[Saved data entries]
◆ ◆ ◆

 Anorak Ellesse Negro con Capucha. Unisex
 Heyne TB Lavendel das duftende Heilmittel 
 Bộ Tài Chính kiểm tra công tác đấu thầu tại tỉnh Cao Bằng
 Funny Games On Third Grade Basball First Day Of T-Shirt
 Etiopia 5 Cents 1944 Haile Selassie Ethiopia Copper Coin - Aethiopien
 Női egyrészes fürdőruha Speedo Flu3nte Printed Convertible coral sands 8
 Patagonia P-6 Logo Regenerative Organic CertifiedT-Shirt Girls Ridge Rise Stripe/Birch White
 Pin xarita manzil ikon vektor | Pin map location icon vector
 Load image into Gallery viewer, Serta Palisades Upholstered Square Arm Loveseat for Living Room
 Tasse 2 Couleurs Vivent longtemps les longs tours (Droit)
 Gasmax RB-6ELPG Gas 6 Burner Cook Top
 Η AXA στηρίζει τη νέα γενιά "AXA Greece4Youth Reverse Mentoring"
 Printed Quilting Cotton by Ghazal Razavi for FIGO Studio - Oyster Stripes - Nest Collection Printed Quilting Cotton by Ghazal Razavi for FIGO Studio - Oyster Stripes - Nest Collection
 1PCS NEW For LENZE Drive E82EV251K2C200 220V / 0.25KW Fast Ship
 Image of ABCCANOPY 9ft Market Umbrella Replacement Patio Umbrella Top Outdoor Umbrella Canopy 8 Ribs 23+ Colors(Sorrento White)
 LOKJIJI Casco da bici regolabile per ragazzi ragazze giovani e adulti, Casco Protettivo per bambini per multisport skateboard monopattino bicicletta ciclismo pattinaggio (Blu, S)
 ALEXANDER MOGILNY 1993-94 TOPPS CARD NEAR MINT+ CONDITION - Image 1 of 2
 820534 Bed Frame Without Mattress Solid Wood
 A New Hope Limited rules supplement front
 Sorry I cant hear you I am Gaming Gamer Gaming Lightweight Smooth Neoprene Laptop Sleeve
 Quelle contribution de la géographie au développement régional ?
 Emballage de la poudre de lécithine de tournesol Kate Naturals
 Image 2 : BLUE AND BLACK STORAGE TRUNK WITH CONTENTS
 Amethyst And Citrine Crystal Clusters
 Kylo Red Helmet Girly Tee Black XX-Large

◆ ◆ ◆

- WHAT TO DO:
Could you copy exactly the lines from the first line of the records above through the line containing "Gasmax RB-6ELPG Gas 6 Burner Cook Top", both included, and nothing else?

- RESPONSE AREA:
 Anorak Ellesse Negro con Capucha. Unisex
 Heyne TB Lavendel das duftende Heilmittel 
 Bộ Tài Chính kiểm tra công tác đấu thầu tại tỉnh Cao Bằng
 Funny Games On Third Grade Basball First Day Of T-Shirt
 Etiopia 5 Cents 1944 Haile Selassie Ethiopia Copper Coin - Aethiopien
 Női egyrészes fürdőruha Speedo Flu3nte Printed Convertible coral sands 8
 Patagonia P-6 Logo Regenerative Organic CertifiedT-Shirt Girls Ridge Rise Stripe/Birch White
 Pin xarita manzil ikon vektor | Pin map location icon vector
 Load image into Gallery viewer, Serta Palisades Upholstered Square Arm Loveseat for Living Room
 Tasse 2 Couleurs Vivent longtemps les longs tours (Droit)
 Gasmax RB-6ELPG Gas 6 Burner Cook Top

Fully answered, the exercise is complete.